» **What is required**
Could you output each line below precisely as it stands, without the images?

» **Records excerpted from a collection**
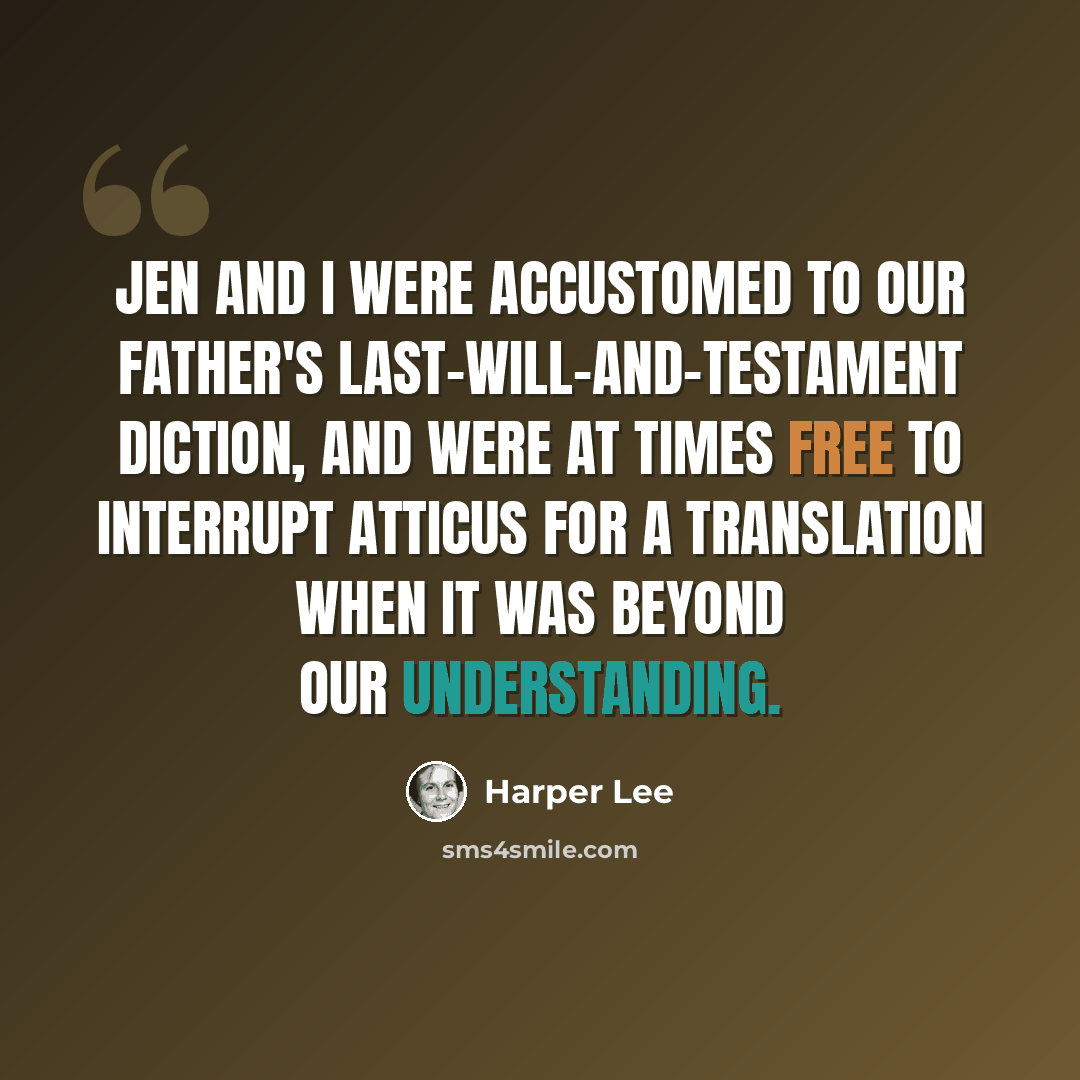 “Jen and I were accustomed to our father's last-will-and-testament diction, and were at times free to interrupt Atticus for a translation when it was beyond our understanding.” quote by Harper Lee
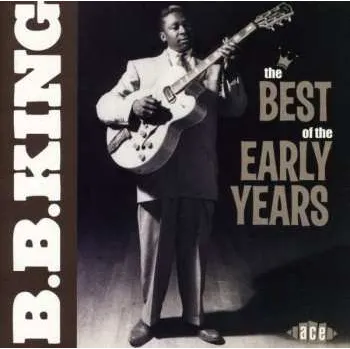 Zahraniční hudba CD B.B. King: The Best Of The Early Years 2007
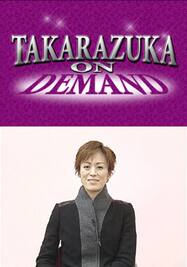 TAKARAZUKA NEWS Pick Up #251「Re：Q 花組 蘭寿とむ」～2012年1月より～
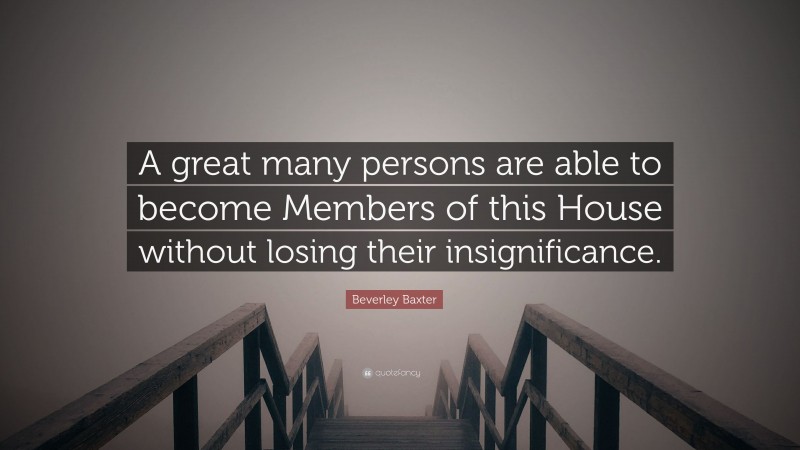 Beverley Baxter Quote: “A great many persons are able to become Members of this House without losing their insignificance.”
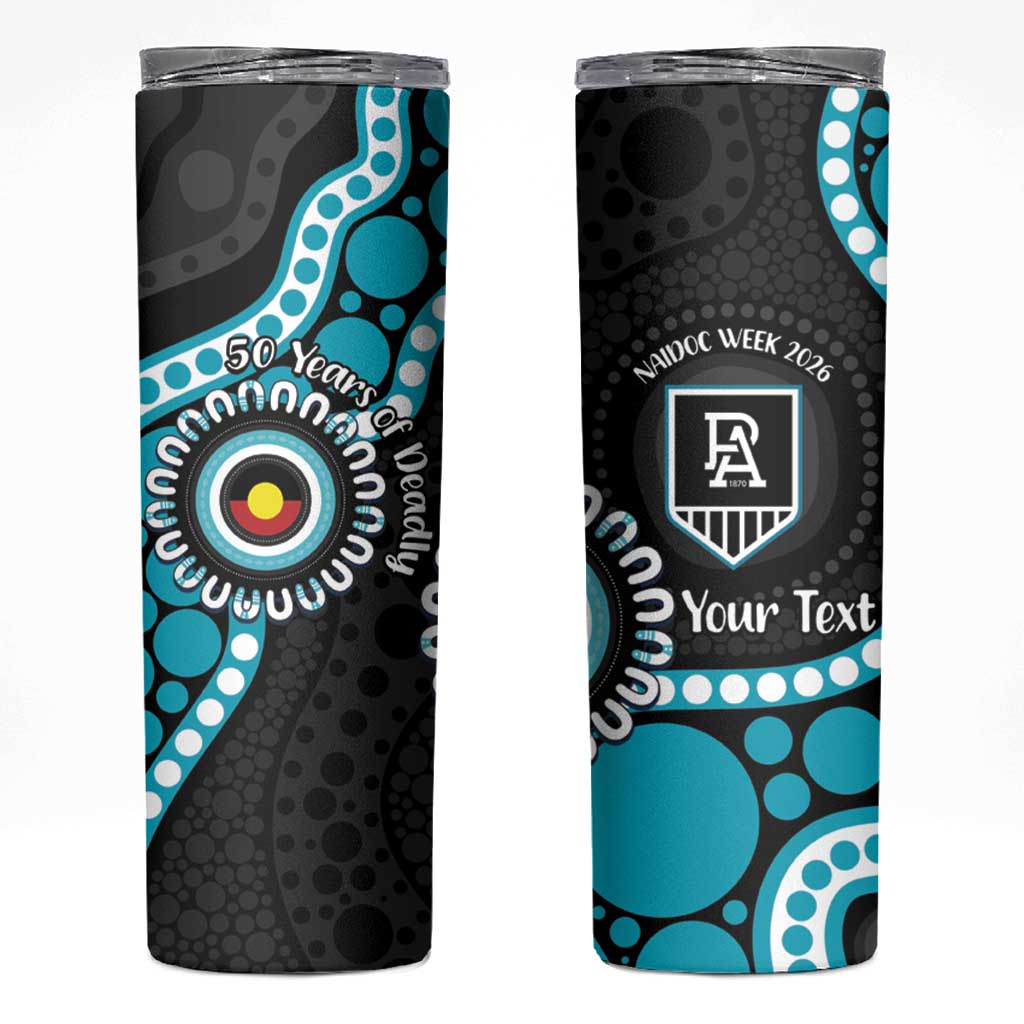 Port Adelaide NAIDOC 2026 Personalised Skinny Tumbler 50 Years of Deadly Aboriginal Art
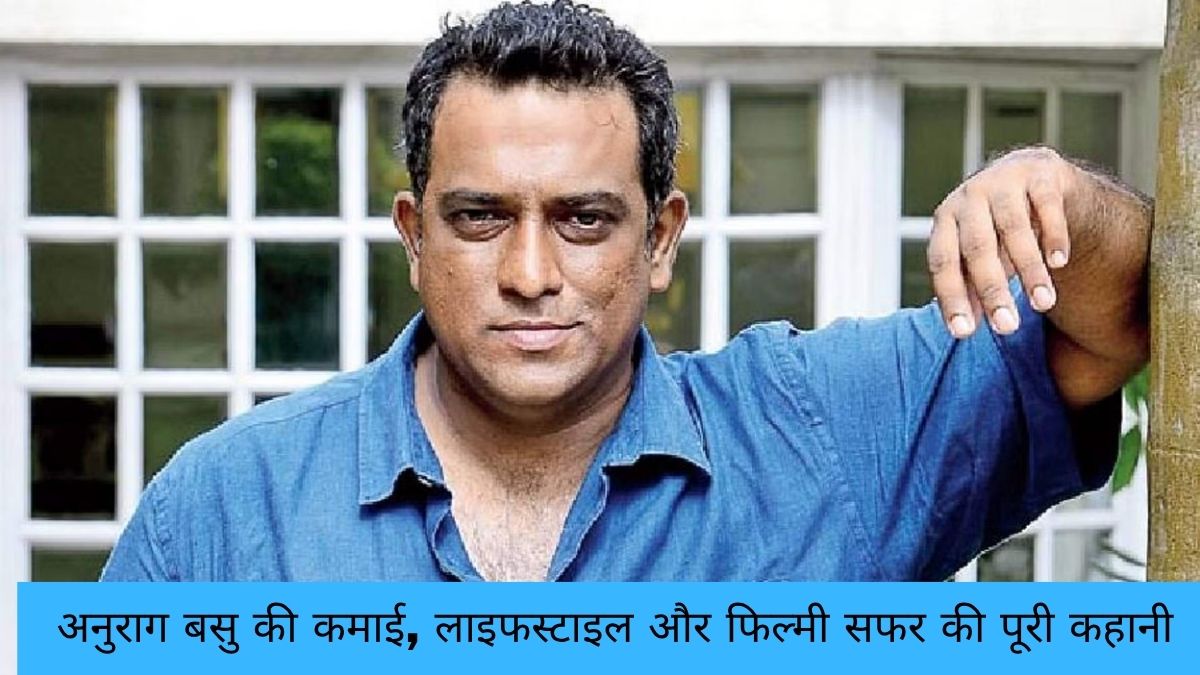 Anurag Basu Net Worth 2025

» **Task result**
 “Jen and I were accustomed to our father's last-will-and-testament diction, and were at times free to interrupt Atticus for a translation when it was beyond our understanding.” quote by Harper Lee
 Zahraniční hudba CD B.B. King: The Best Of The Early Years 2007
 TAKARAZUKA NEWS Pick Up #251「Re：Q 花組 蘭寿とむ」～2012年1月より～
 Beverley Baxter Quote: “A great many persons are able to become Members of this House without losing their insignificance.”
 Port Adelaide NAIDOC 2026 Personalised Skinny Tumbler 50 Years of Deadly Aboriginal Art
 Anurag Basu Net Worth 2025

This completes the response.